(About this exercise): Exactly reproduce the lines from the line bearing "Amazing Gift Ideas" through the end of the listing, inclusive of both; pictures are to be omitted.

(Given data):
·····

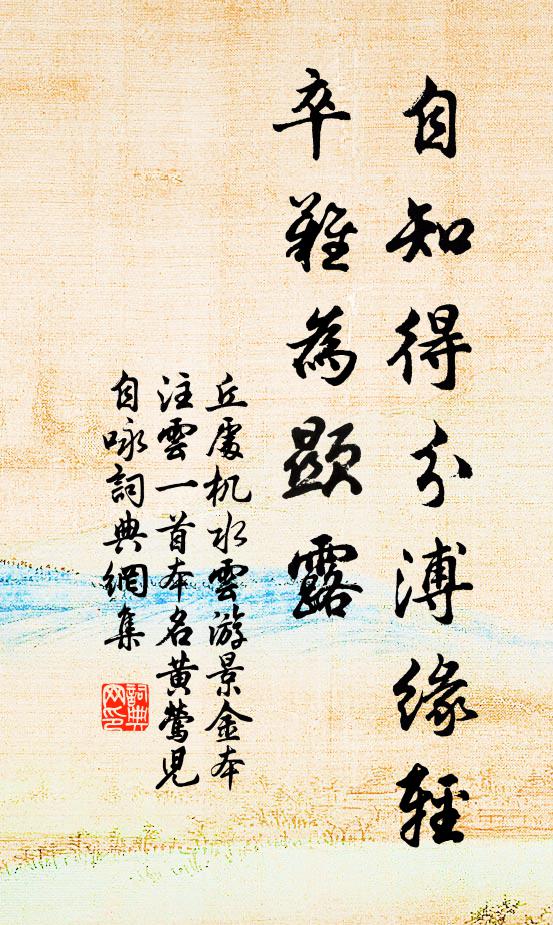 丘处机自知得分溥缘轻，卒难为显露书法作品欣赏
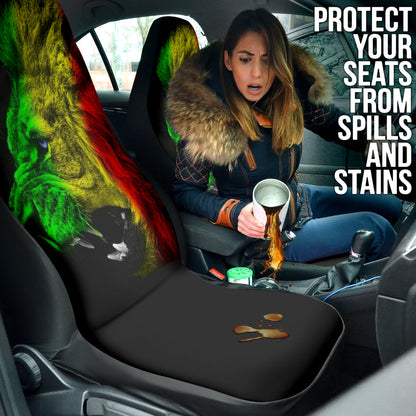 Amazing Gift Ideas Rasta Lion Roaring Car Seat Covers Style 2 211401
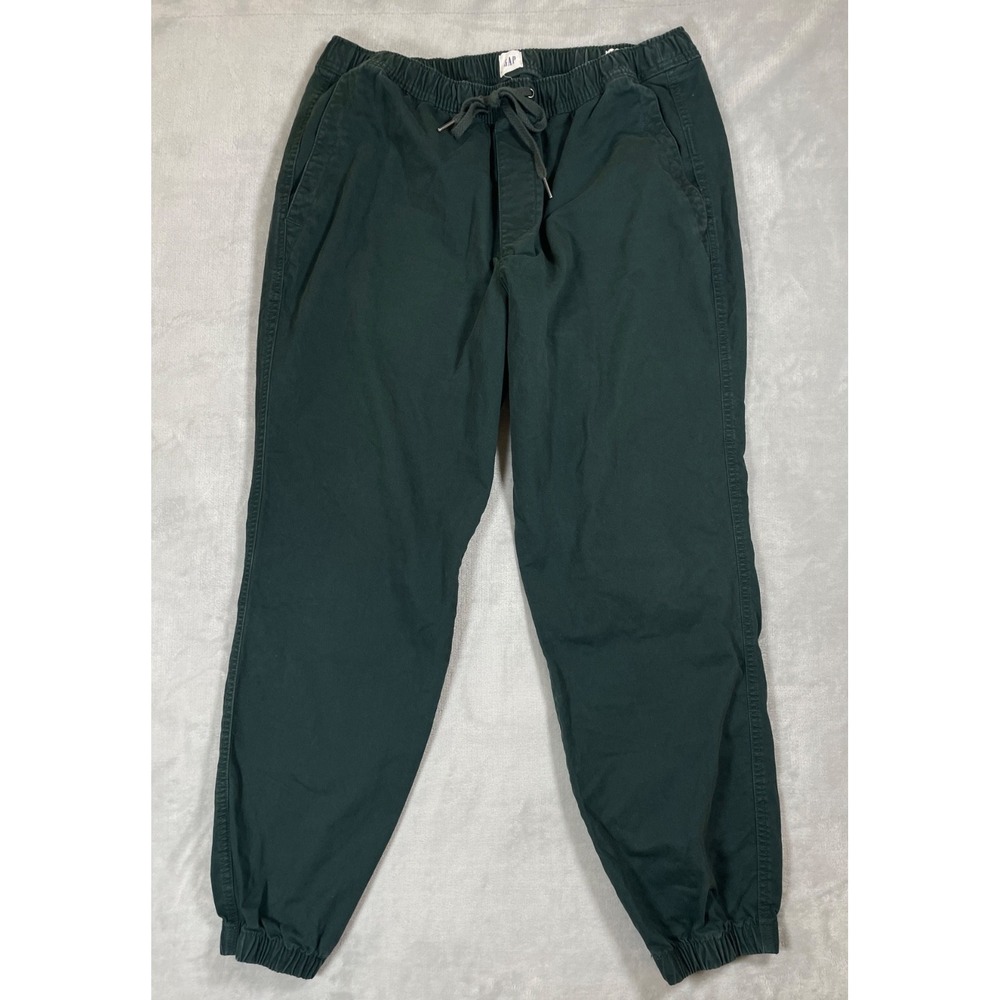 GAP Essential Jogger Pants Men XL Dark Green Cotton Stretch Drawstring Casual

·····

(Answer box):
 Amazing Gift Ideas Rasta Lion Roaring Car Seat Covers Style 2 211401
 GAP Essential Jogger Pants Men XL Dark Green Cotton Stretch Drawstring Casual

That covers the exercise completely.